Scraped caption text data
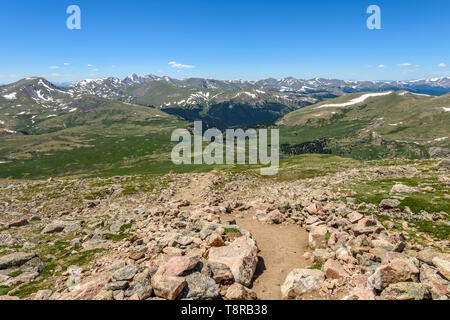 High Mountain Trail - Spring view of rugged and steep Mount Bierstadt Hiking Trail high up at Front Range of Rocky Mountains, Colorado, USA. Stock Photo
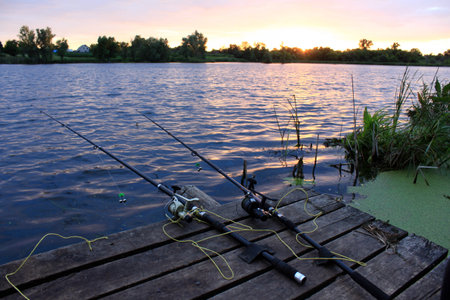 Fishing rods on the wooden bridge at sunset in autumn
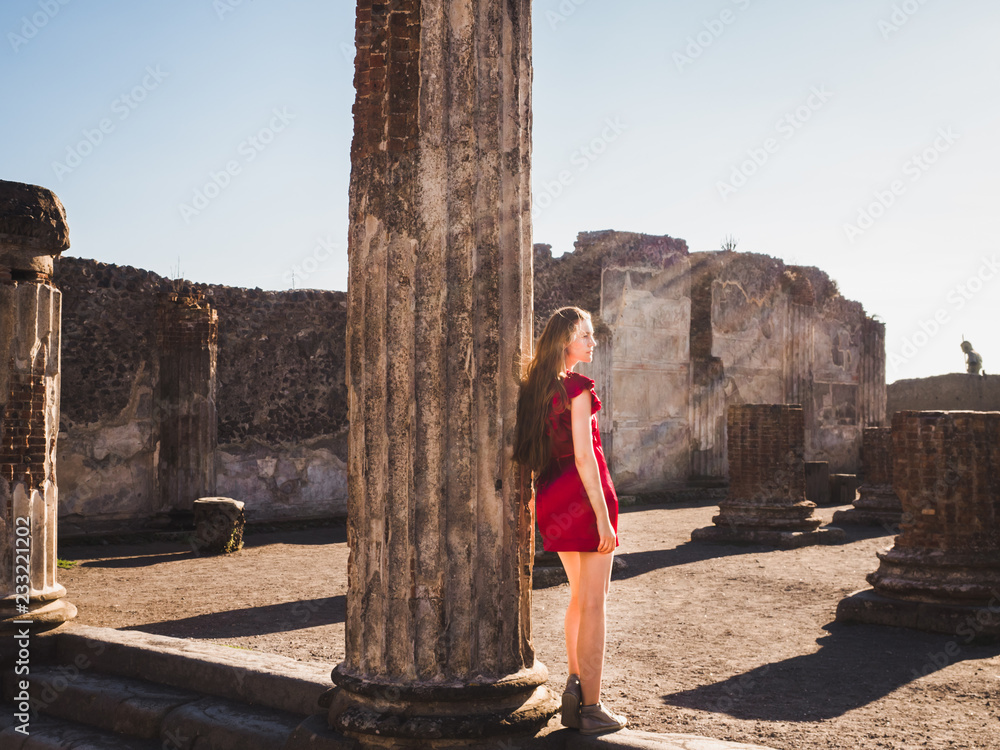 Stylish woman in a red dress looking into the distance against the backdrop of ancient ruins and the sun's rays of the evening sun. Pompeii. Concept of travel and leisure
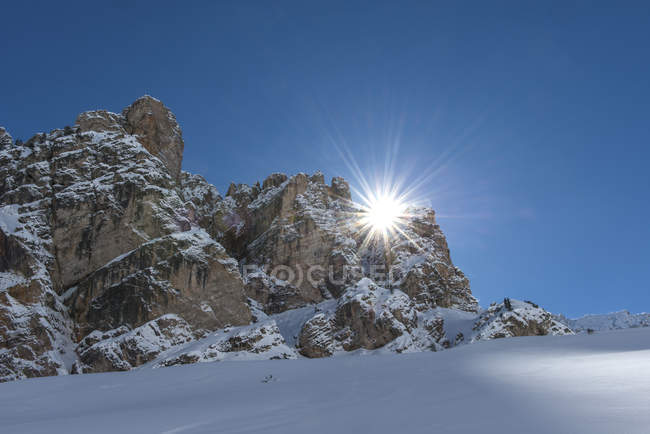 The sun rises behind the peaks of Piciodel, Fanes, Fanes-Sennes-Prags Nature Park, Dolomites, Trentino-Alto Adige, Italy — Stock Photo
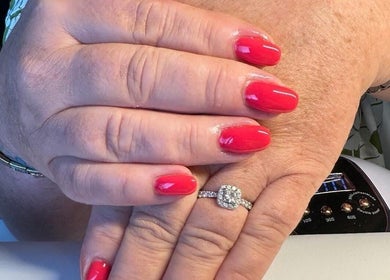 Freshly manicured red nails at Bella Beauty & Nails, Banbridge, Northern Ireland, GB, showcasing elegant style.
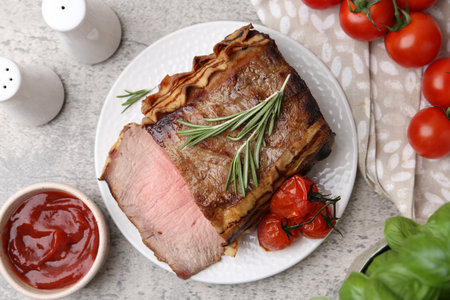 Delicious baked beef meat, tomatoes, basil, rosemary and sauce on grey table, flat layの写真素材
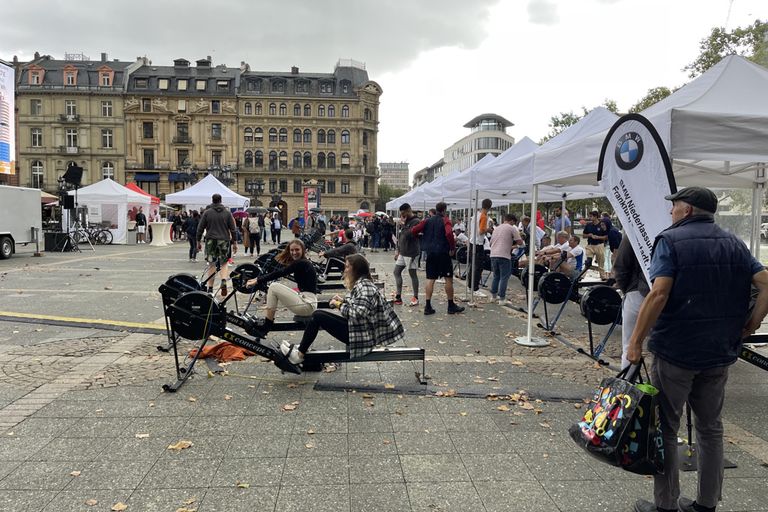 People rowing on rowing ergometers under Pro-Tent folding tents on the forecourt of the Frankfurt Opera House.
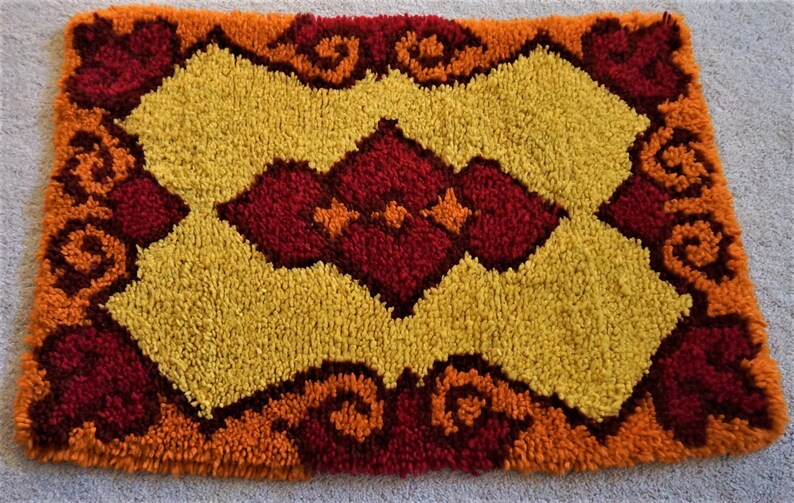 May include: A small, rectangular rug with a geometric pattern in shades of orange, yellow, and red. The rug has a fluffy texture and is made of yarn.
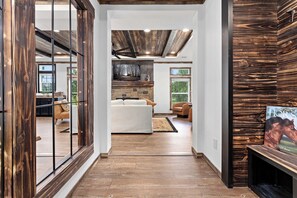 Un interior espacioso con suelo de madera, chimenea y un ventanal grande.
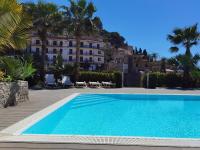 Minerva Apartment Azuria & Tulipan Apartment by Taormina Holidays - Chambres d'hôtes Taormina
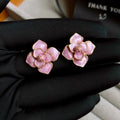 Gold plated flower stud earrings with a purple oil-spot glaze finish on copper.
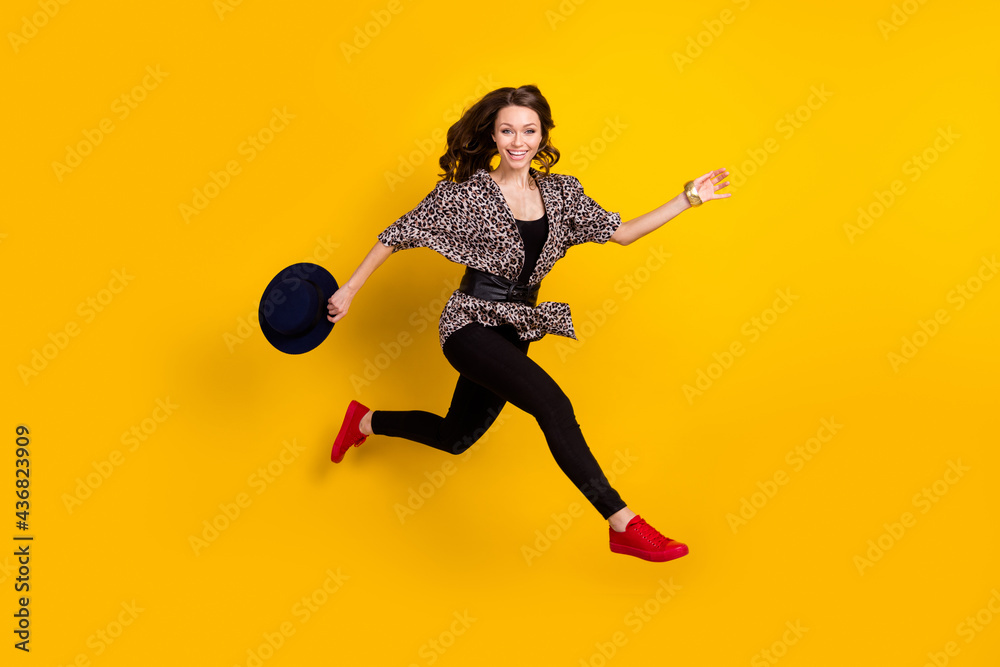 Full size profile side photo of active charming woman run jump up empty space sale isolated on yellow color background Full size profile side photo of active charming woman run jump up empty space sale isolated on yellow color background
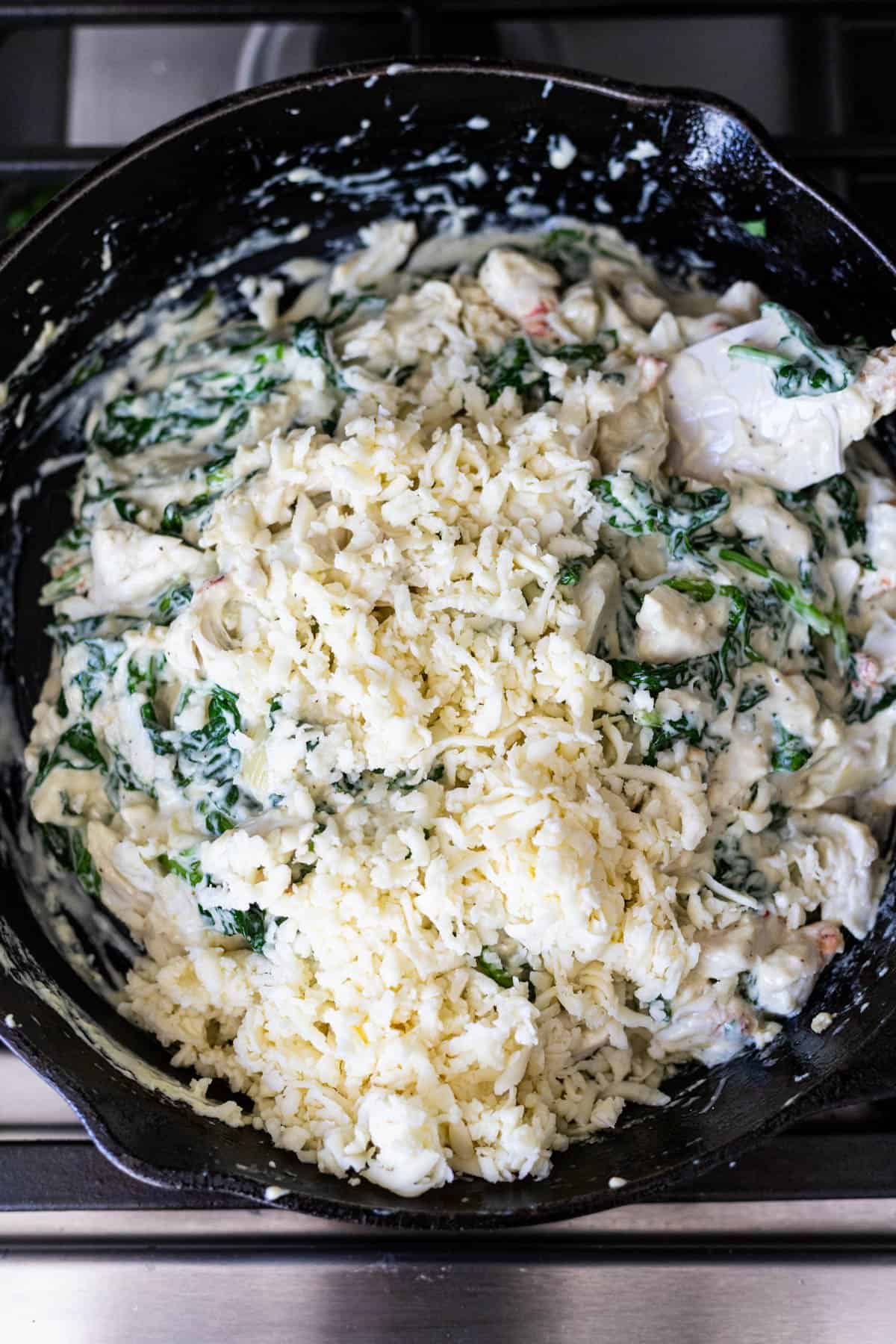 shredded mozzarella cheese added to the skillet of spinach and crab dip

* _THE TASK_
Beginning with the line that has "Delicious baked beef", repeat each remaining line of the data above word for word, keeping pictures out.

* _RESPONSE_
 Delicious baked beef meat, tomatoes, basil, rosemary and sauce on grey table, flat layの写真素材
 People rowing on rowing ergometers under Pro-Tent folding tents on the forecourt of the Frankfurt Opera House.
 May include: A small, rectangular rug with a geometric pattern in shades of orange, yellow, and red. The rug has a fluffy texture and is made of yarn.
 Un interior espacioso con suelo de madera, chimenea y un ventanal grande.
 Minerva Apartment Azuria & Tulipan Apartment by Taormina Holidays - Chambres d'hôtes Taormina
 Gold plated flower stud earrings with a purple oil-spot glaze finish on copper.
 Full size profile side photo of active charming woman run jump up empty space sale isolated on yellow color background Full size profile side photo of active charming woman run jump up empty space sale isolated on yellow color background
 shredded mozzarella cheese added to the skillet of spinach and crab dip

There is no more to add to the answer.